Report, as a bare number, how many lines of the entries below contain "Blue".

##### DATA PROVIDED

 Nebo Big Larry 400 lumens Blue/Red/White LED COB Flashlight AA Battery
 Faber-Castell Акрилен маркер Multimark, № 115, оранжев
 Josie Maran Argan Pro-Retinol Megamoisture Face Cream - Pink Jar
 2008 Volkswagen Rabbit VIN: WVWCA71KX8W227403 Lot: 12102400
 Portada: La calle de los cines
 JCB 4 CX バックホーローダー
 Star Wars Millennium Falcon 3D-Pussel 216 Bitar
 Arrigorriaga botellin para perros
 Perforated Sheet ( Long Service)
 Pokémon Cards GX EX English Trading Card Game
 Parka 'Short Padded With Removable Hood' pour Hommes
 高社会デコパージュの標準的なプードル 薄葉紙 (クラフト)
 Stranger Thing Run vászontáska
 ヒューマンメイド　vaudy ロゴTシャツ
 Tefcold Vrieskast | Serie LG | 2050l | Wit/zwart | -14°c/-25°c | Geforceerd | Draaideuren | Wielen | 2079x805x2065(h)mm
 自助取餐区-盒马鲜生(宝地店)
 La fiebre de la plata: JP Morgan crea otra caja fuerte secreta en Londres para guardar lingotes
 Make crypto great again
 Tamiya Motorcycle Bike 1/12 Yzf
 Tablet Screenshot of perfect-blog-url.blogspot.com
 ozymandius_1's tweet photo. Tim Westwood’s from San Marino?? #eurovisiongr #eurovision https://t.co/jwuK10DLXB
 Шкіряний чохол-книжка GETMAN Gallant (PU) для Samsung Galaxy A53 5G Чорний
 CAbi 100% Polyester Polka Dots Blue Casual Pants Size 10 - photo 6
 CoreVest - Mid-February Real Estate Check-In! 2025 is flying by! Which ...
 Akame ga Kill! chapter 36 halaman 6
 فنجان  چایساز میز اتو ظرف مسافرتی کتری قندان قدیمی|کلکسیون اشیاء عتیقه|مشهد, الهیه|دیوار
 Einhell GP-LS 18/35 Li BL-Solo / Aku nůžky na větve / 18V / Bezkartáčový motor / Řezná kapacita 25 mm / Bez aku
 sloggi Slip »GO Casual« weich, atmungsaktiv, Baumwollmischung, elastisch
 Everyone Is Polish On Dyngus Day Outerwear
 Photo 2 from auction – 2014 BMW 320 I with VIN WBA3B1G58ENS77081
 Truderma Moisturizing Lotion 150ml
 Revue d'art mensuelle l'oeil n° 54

##########

SOLUTION FOR THIS PROBLEM: 2